About 10,000 people protested in Khar, the main town in the northwestern tribal Bajur district and 10 kilometers (6 miles) from Chingai village, where Pakistan's military said its helicopters on Monday fired five missiles into a religious school, known as a madrassa.
As loud speakers blared songs in the local-ethnic Pashto language urging people to wage holy war, or jihad, protesters gathered in a large field to denounce what they described as an attack that killed innocent students and teachers.
"We will continue our jihad. We will take revenge for the blood of our martyrs," local Islamic cleric, Maulana Roohul Amin, yelled into a loud speaker at the rally. "The forces of infidelity are trying to erase us from existence."
The crowd chanted: "God is Great," "Death to Bush! Death to Musharraf!" and "Anyone who is a friend of America is a traitor."
Islamic leaders called for nationwide protests Tuesday to condemn the air raid - the deadliest-ever military operation launched against suspected militants.
The attack Monday threatens efforts by Pakistani President Gen. Pervez Musharraf to persuade deeply conservative tribespeople to back his government over pro-Taliban and al-Qaida fighters, who enjoy strong support in many semiautonomous regions in northern Pakistan.
Pakistan said its helicopters fired five missiles into the madrassa - allegedly a front for a terrorist training camp - killing 80 people inside. The explosions flattened the building. Three men survived with serious injuries.
The attack could fan unrest in Pakistan, which witnessed violent protests this year after European newspapers published cartoons of Islam's Prophet Muhammad, as well as the August killing of an ethnic-Baluch tribal chief in another military raid.
Scores of pro-government tribal police deployed throughout Bajur and blocked roads with stones to prevent political activists and journalists reaching Khar and Chingai, a local government official said.
Many local lawmakers and regional Cabinet ministers resigned in protest over the attack.
"Islamabad is acting against its own citizens who profess loyalty, promise to maintain peace and to ... eliminate foreign militants," a Pakistan daily, The Nation, said in an editorial.
Ali Dayan Hasan, a South Asia representative for Human Rights Watch, accused Pakistani authorities of "persistent use of excessive and disproportionate force ... in pursuing counter-terror operations."
The planned signing of a peace deal between tribal leaders and the military was canceled Monday in response to the airstrike.
The attack sparked claims of US collusion with Pakistan in targeting and destroying the madrassa. Villagers reportedly said fixed-wing drone aircraft were seen flying over the town in the days before the attack, according to the Dawn daily newspaper.

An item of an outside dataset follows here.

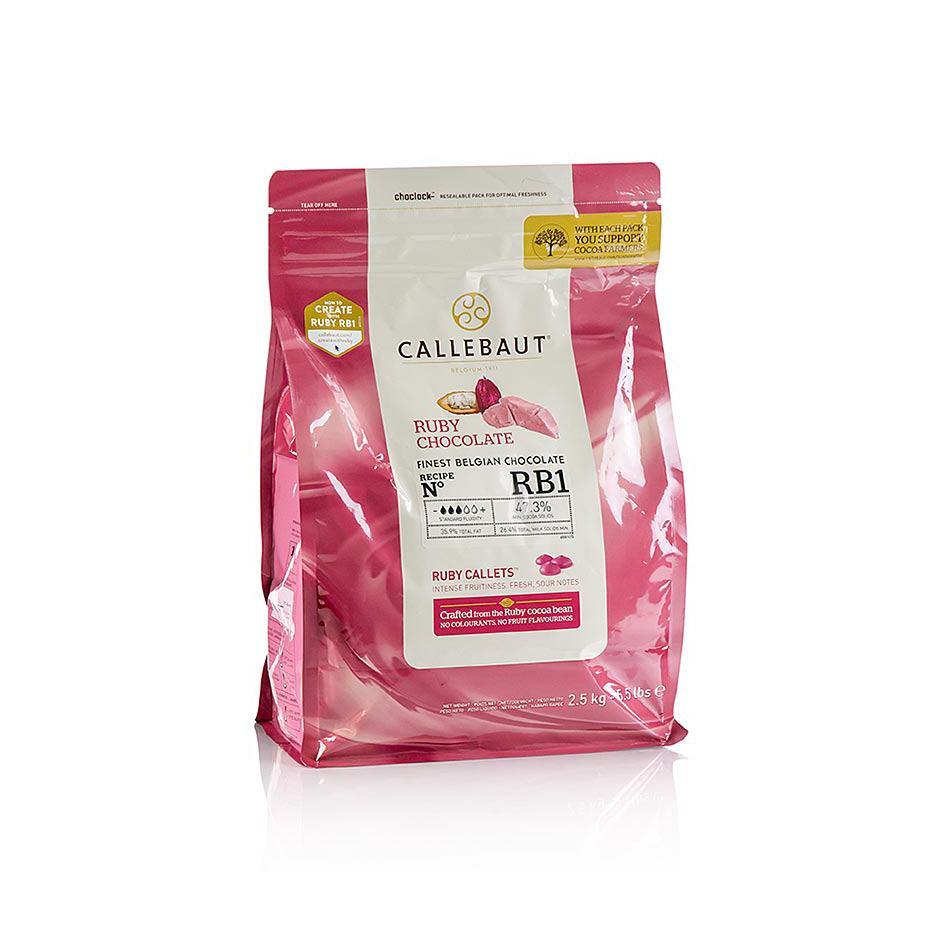 CALLEBAUT Ruby 33%, Ruby Chocolate Couverture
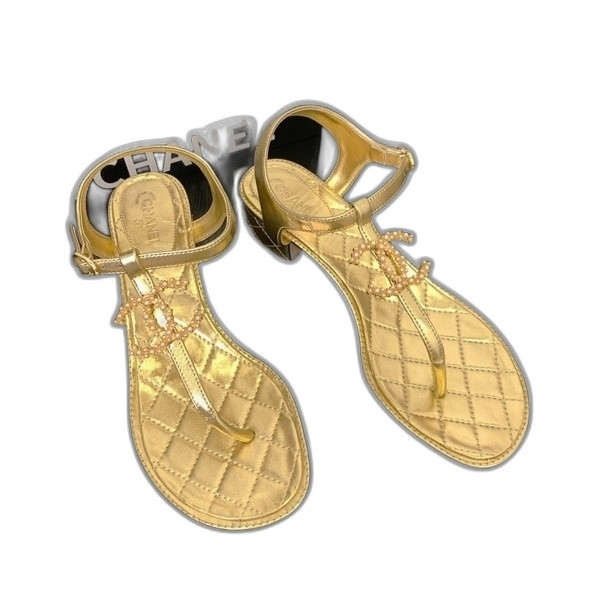 [ Chanel ] 샤넬 CC 쪼리 샌들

Pakistani and US military officials denied American involvement in the attack, which occurred 3 kilometers (about 2 miles) from the Afghan border, saying it was purely a Pakistani operation.
In January, a US Predator drone fired a missile targeting al-Qaida No. 2 Ayman-Al-Zawahri in Damadola, near Chingai. The strike missed al-Zawahri, but killed several other al-Qaida members and civilians and sparked massive anti-U.S. protests across Pakistan.
Among those killed Monday was Liaquat Hussain, a fugitive cleric and al-Zawahri associate who ran the targeted madrassa. The raid was launched after Hussain rejected government warnings to stop using it terrorist training camp, the military said.
Another al-Zawahri lieutenant, Faqir Mohammed, left the madrassa 30 minutes before the strike, according to a Bajur intelligence official.
Pakistan's most influential Islamist political leader, Qazi Hussain Ahmed, will lead a convoy of cars from the northwestern city of Peshawar to Khar and Chingai, his spokesman, Shahid Shamsi, said.
"They killed 80 teenagers who were students of the Quran," Ahmed told reporters on Monday. "This is a very cruel joint-activity (between the U.S. and Musharraf governments)."
Small protests were held in several Pakistani cities, including Peshawar, Karachi and Multan on Monday. The unrest caused Britain's Prince Charles, currently in Pakistan, to cancel his planned Tuesday trip to Peshawar.